EXERCISE DESCRIPTION
Return the listing in full and exactly, but without a single picture.

AVAILABLE DATA
•••

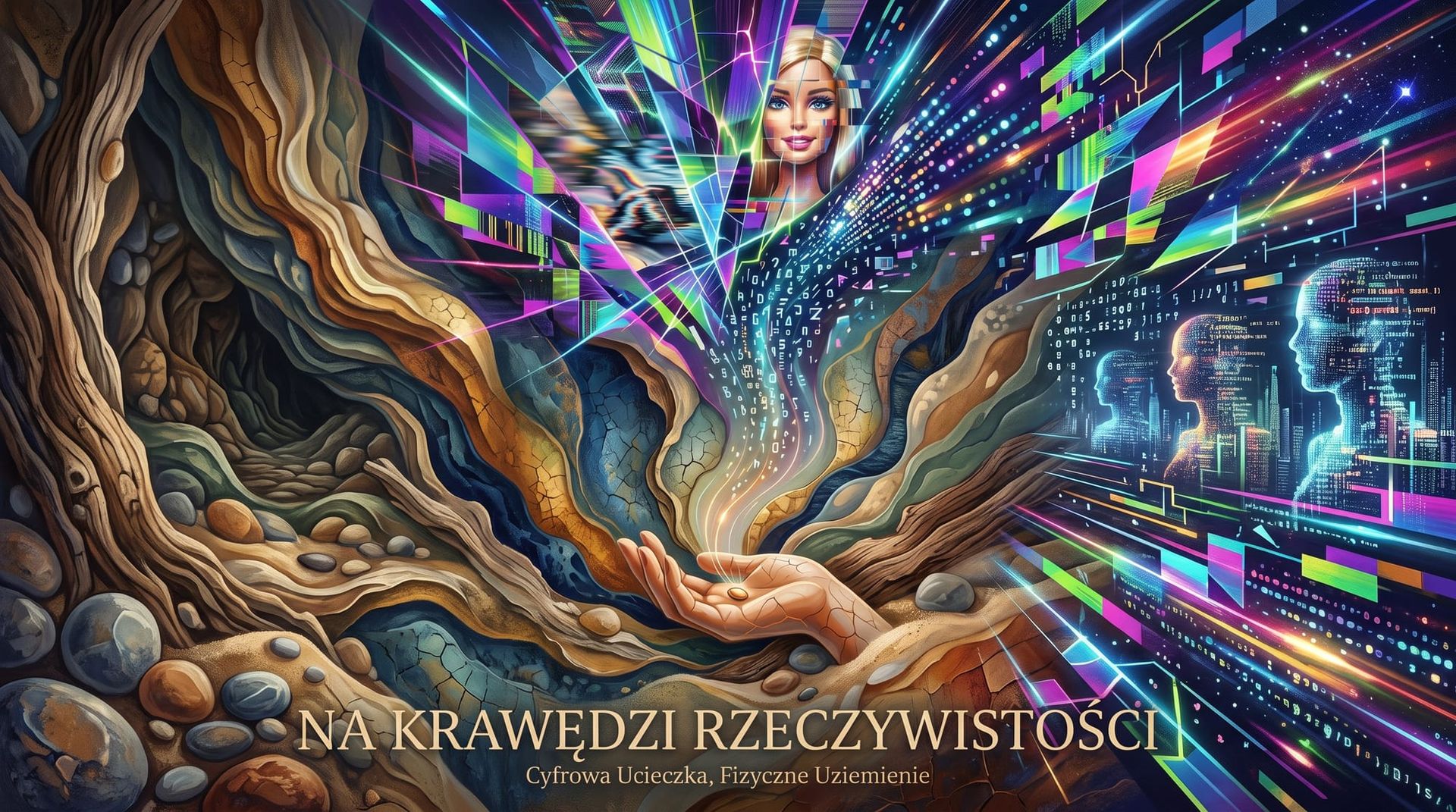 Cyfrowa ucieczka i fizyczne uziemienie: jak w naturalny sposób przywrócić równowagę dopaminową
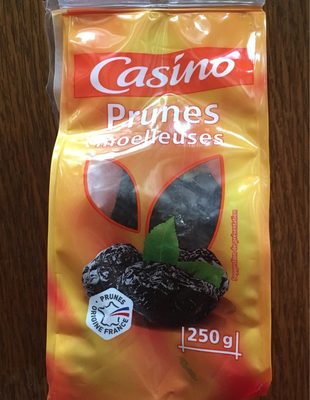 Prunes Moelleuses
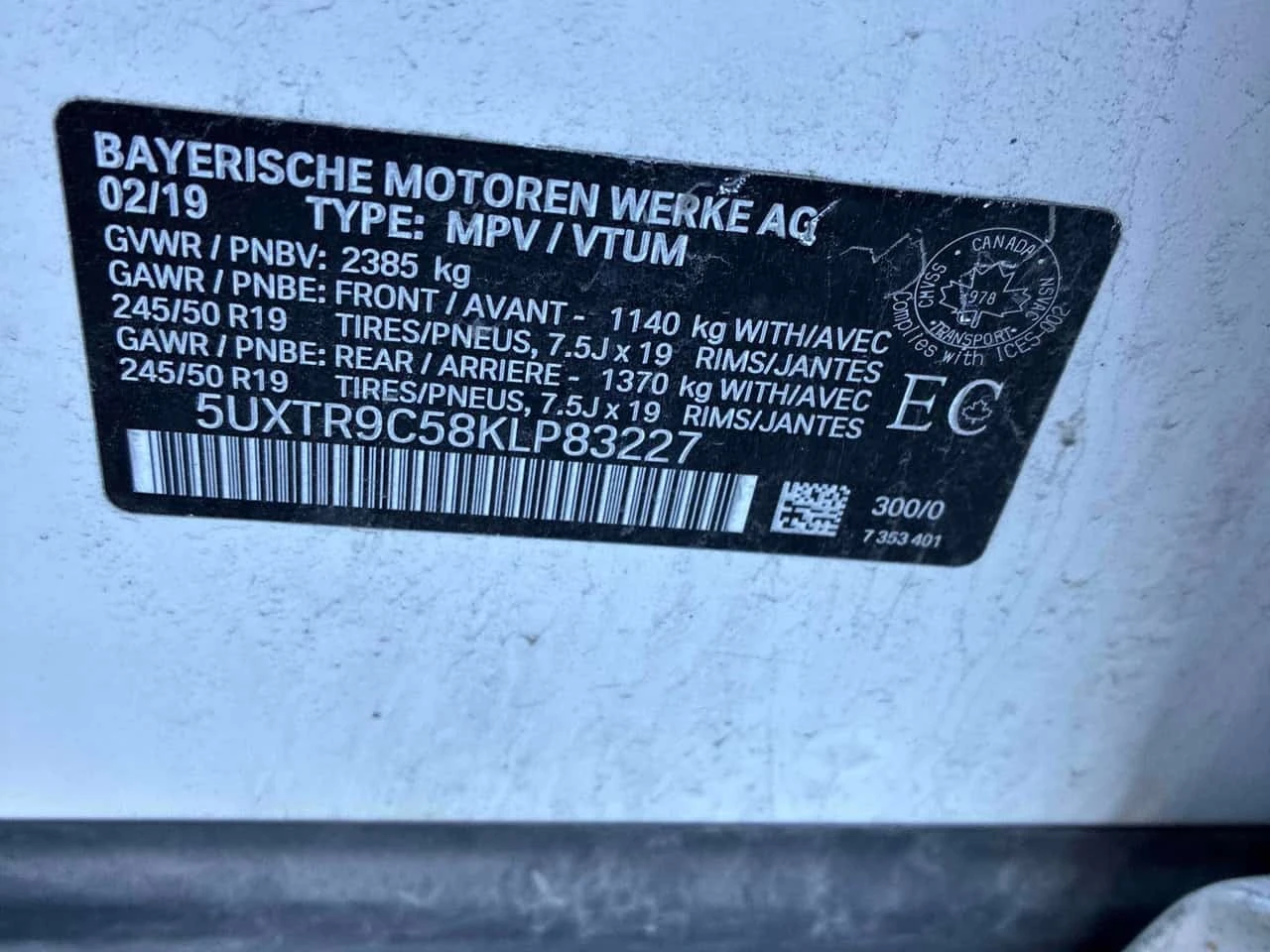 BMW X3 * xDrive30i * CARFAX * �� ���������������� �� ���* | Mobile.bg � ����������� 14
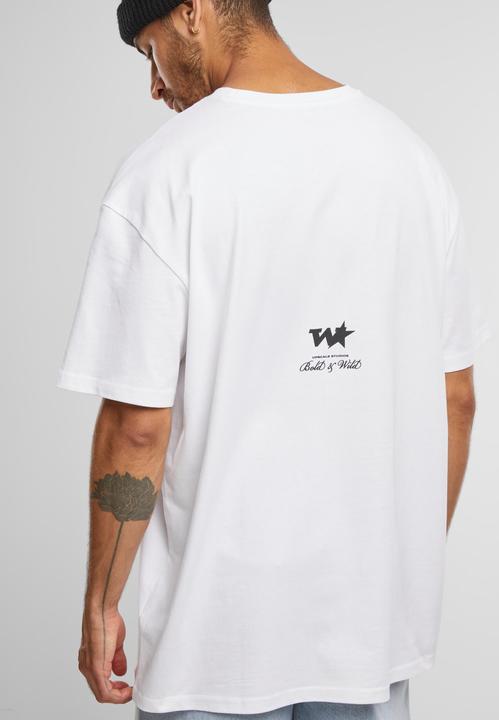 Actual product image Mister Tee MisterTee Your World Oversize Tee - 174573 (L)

•••

ANSWER
 Cyfrowa ucieczka i fizyczne uziemienie: jak w naturalny sposób przywrócić równowagę dopaminową
 Prunes Moelleuses
 BMW X3 * xDrive30i * CARFAX * �� ���������������� �� ���* | Mobile.bg � ����������� 14
 Actual product image Mister Tee MisterTee Your World Oversize Tee - 174573 (L)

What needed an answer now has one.